I wouldn’t exactly call it difficult to see the heave-ho rhetoric employed in both examples. That’s neocon caliber rhetoric. Spew forth the most outrageous accusations, then backpedal just enough to not invite a lawsuit, and hope that it’s the original accusation that will stick.
And, to add insult to injury, it’s the same article in which Cole parades China, of all countries, as an arbiter for peaceful coexistence. An arbiter for peaceful coexistence like in Darfur, Burma, Zimbabwe, North Korea, Taiwan, I suppose, to name a few. 1967 comes to mind, when the Russian envoy, calling for Israel’s immediate withdrawal from all occupied territories, voiced Russia’s staunch disapproval of territorial gains through military action. Yeah, right.
This is not what makes me think. This is not what makes me change my mind. And I’m a far cry from being a conservative. I’ve read Informed Comment for quite a while now, and although I appreciate many of his sentiments, I’m sorry to say that Cole has an agenda. A political agenda, a cultural agenda, and also a religious agenda. If you focus not so much on the what but on the how, you’ll see that his comments are indeed “informed,” in the sense of being informed by a certain ideology. Now, we all have our agendas and our ideologies. But I can expect from an academic of Juan Cole’s caliber that he would at least make an effort to look at the particulars of a situation before hammering it into the shape that fits his grand arguments in extenso. Another example would be his constant insidious insinuations, bordering on concern-trolling, that Israel endangers American security and American lives because Israeli actions “are equated with American actions” and U.S. soldiers and U.S. citizens will die because of it. I wouldn’t know where to begin to call bullshit on this one. Cole has a disturbing tendency to flatten out complex situations into ideologically flavored pancakes.

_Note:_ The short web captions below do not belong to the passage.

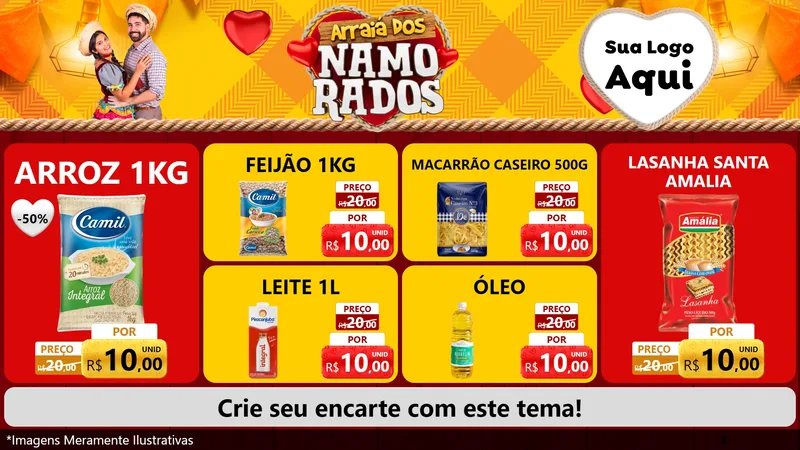 Modelo de TV para TV Horizontal com o tema Arraiá dos Namorados para Supermercado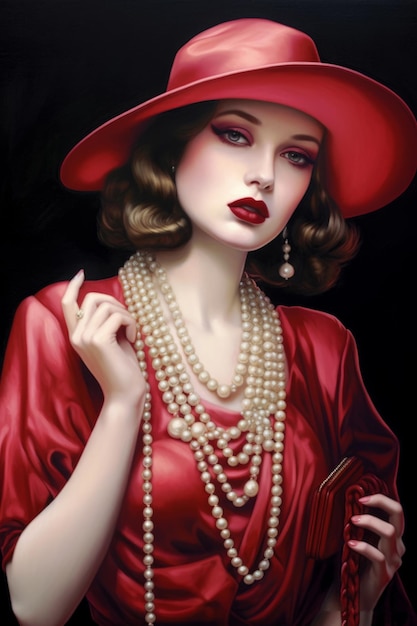 Une peinture d'une femme portant un chapeau rouge et un chapeau rouge.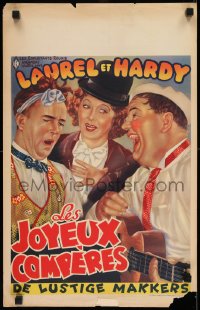 9b054 THEM THAR HILLS Belgian R1950s great different art of wacky Laurel & Hardy + Mae Busch!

Now, in contrast, close friends with whom I disgree on these topics, and for whom Maggie functions as a prominent stand-in here, more often than not make me feel that I could be made to change my mind, or make me change my mind, at least with regard to certain aspects. And—equally important—I feel that I could make them change their minds with regard to certain aspects too. One of the strongest indicators is that I know from experience that they do change their minds if need be, that they scramble for more information, for viewpoints that make sense. That’s why their arguments feel plausible and authentic, starting out from premises I can identify with, I’m familiar with, I’m comfortable or consentingly uncomfortable with.
To put it more bluntly, while Cole instrumentalizes the Gaza crisis, Maggie feels that people suffer. That’s what’s important here. It’s a very complex situation with many possible viewpoints, and when people suffer, the question of being right or being wrong should precisely not be prioritized every step of the way.
In such situations, talking about right or wrong, black or white, isn’t helpful in the least. I think we should see beauty in gray more often. Leaving the strongest impressions on people who are not pre-indoctrinated into authoritarian mindsets are usually those stories that make us think, not those that tell us what to think. Those that leave room for thoughts, not those that clutter our heads with ideological furniture. Those that leave it to us to make decisions that make sense, not those that condemn every decision save one in advance. Those that make us weep, not those that piss us off.